Short descriptive text snippets
:::
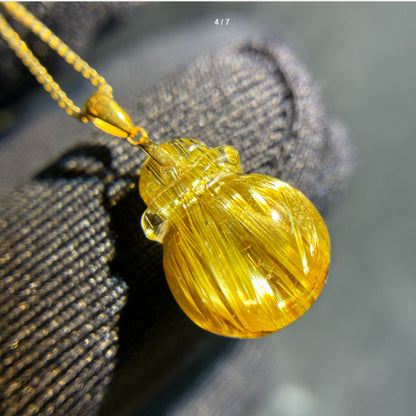 Natural Titanium Rutilated Quartz Money Bag Pendant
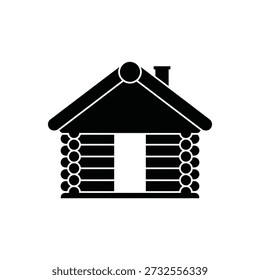 Ilustração simples em preto e branco de uma estrutura de cabine de madeira rústica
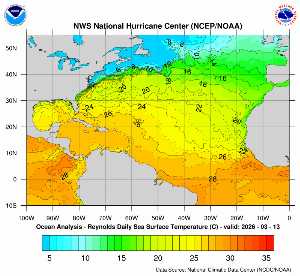 Carte des anomalies de température en Atlantique.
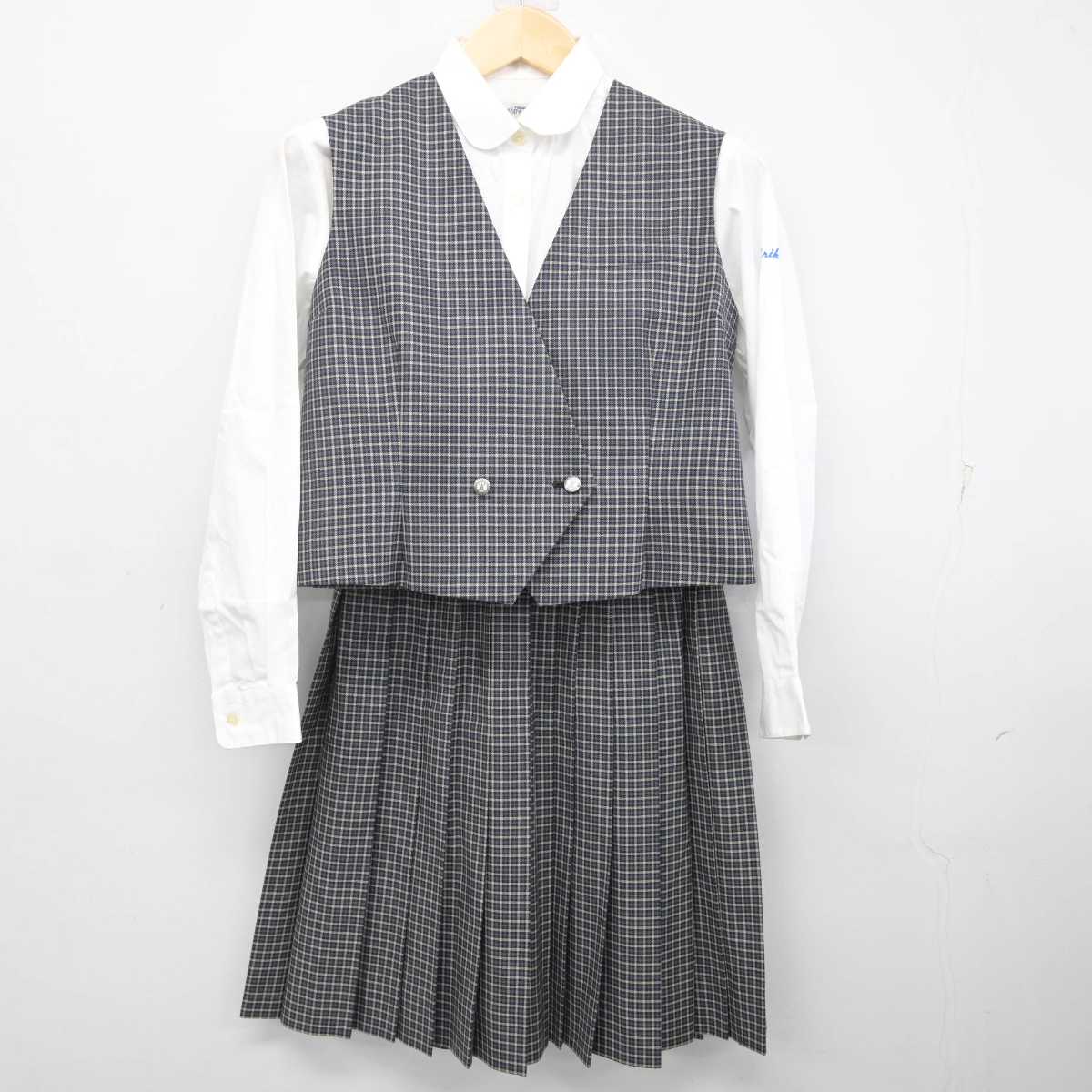 【中古】佐賀県 有田工業高等学校 女子制服 4点 (ブレザー・ベスト・シャツ・スカート) sf072763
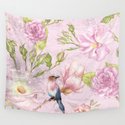 Floral painterly background in pink with Roses Flowers and Birds Wandbehang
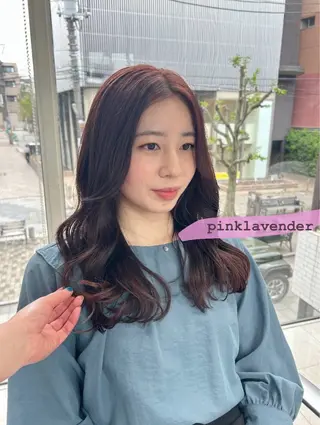 セミロング カラー ありむらもえ/ 透明感カラーのヘアスタイル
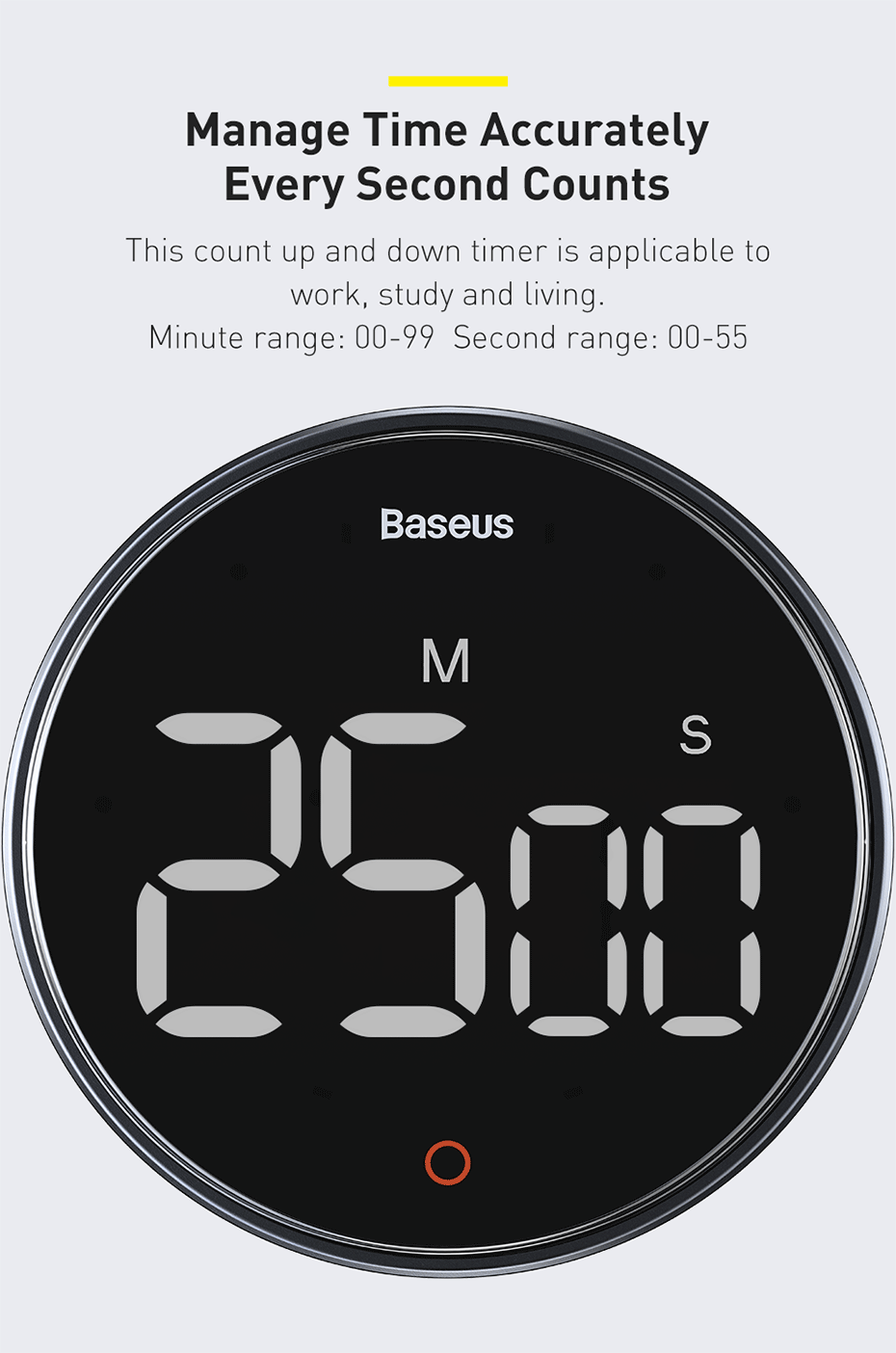 Baseus Magnetic Countdown Alarm Clock Kitchen Timer Manual Digital Timer Stand Desk Clock Cooking Timer Shower Study Stopwatch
:::
# [EXERCISE DETAILS]
Only the lines from the line with "セミロング カラー ありむらもえ/ 透明感カラーのヘアスタイル" to the end of the records should be repeated, exactly and without pictures.

# [SOLUTION]
 セミロング カラー ありむらもえ/ 透明感カラーのヘアスタイル
 Baseus Magnetic Countdown Alarm Clock Kitchen Timer Manual Digital Timer Stand Desk Clock Cooking Timer Shower Study Stopwatch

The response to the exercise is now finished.